Ligon forecloses the parties' contention that the district court had jurisdiction.1 Here, it is undisputed that the FAA's denial of Jones's DER application constitutes a “final order” of the Administrator of the FAA. See Atorie Air, Inc. v. Fed. Aviation Admin., 942 F.2d 954, 960 (5th Cir.1991). Next, our review of the complaint and the briefs confirms that Jones's Title VII and § 1981 claims are inescapably intertwined with a challenge to the procedure and merits of that final order. The complaint alleges a number of procedural improprieties with the FAA's handling of his DER application. Jones also challenges the merits of the denial by alleging that it was based on false information. In addition, evaluating whether the FAA had a legitimate reason for denying Jones's application and whether the reason was a pretext for retaliation necessarily requires a review and balancing of the same evidence that the FAA had weighed.
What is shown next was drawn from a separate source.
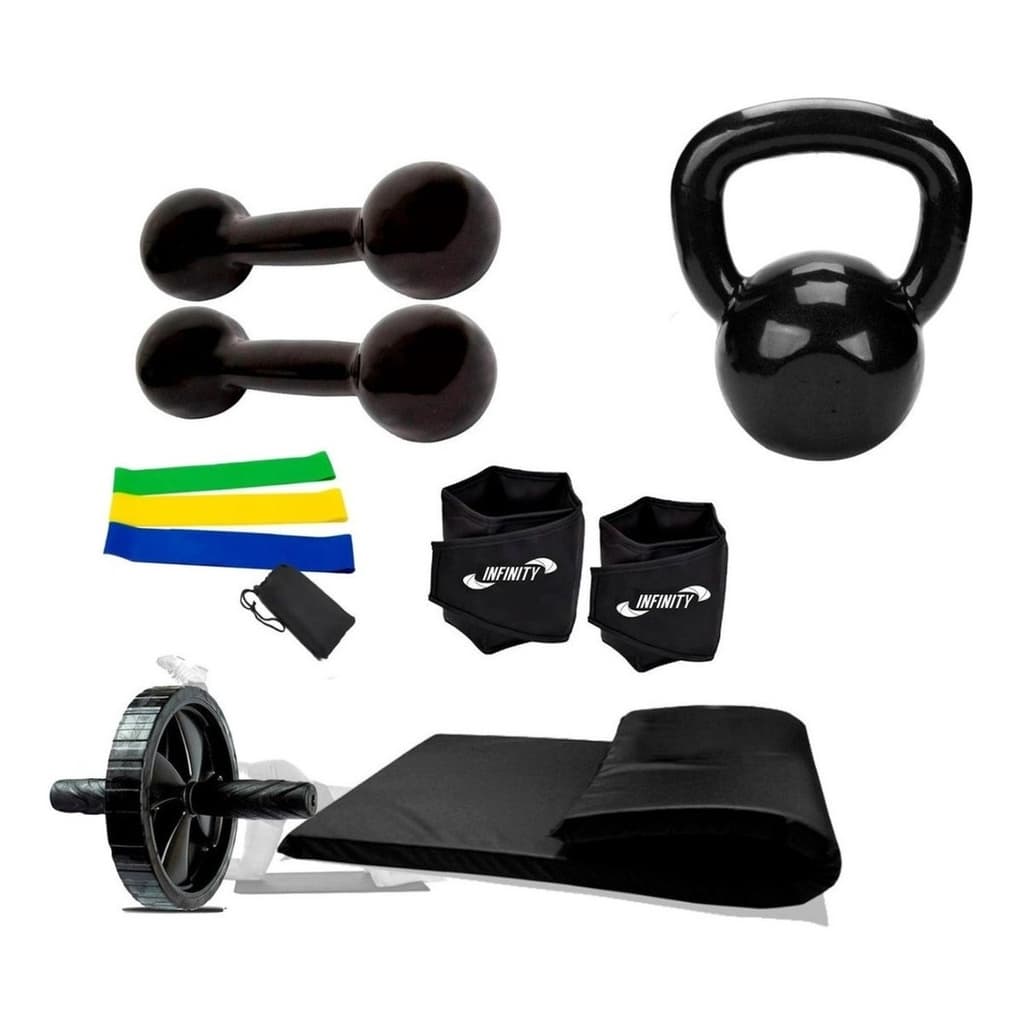 Kit Ginastica Fitness Kettlebell+band+halter+caneleira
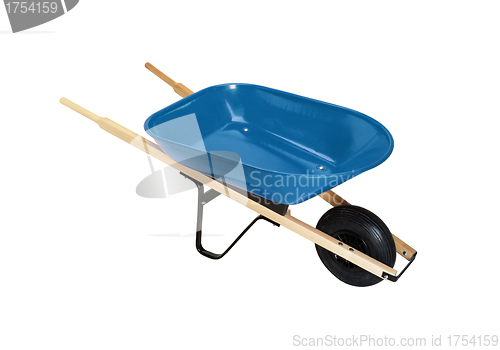 Image of blue Wheelbarrow isolated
Finally, the complaint seeks to set aside the FAA's denial of Jones's DER application by requesting the court to “[d]irect[ ] Defendant to place Plaintiff in the position he would have occupied but for Defendant's discriminatory treatment of him․” As the complaint and briefs make clear, Jones alleges that the position that “he would have occupied but for” the discriminatory treatment and retaliation is that of a DER. In sum, under Ligon, Jones's Title VII and § 1981 claims are collateral attacks on a FAA order. This panel is bound by our previous decision in Ligon. Hence, the district court correctly determined that § 46110(a) precludes subject-matter jurisdiction over those claims.
1. FN1. In their letter to this court pursuant to Federal Rule of Appellate Procedure 28(j), Defendants concede that Ligon “suggests that the district court lacked jurisdiction over the Title VII claim in this case.”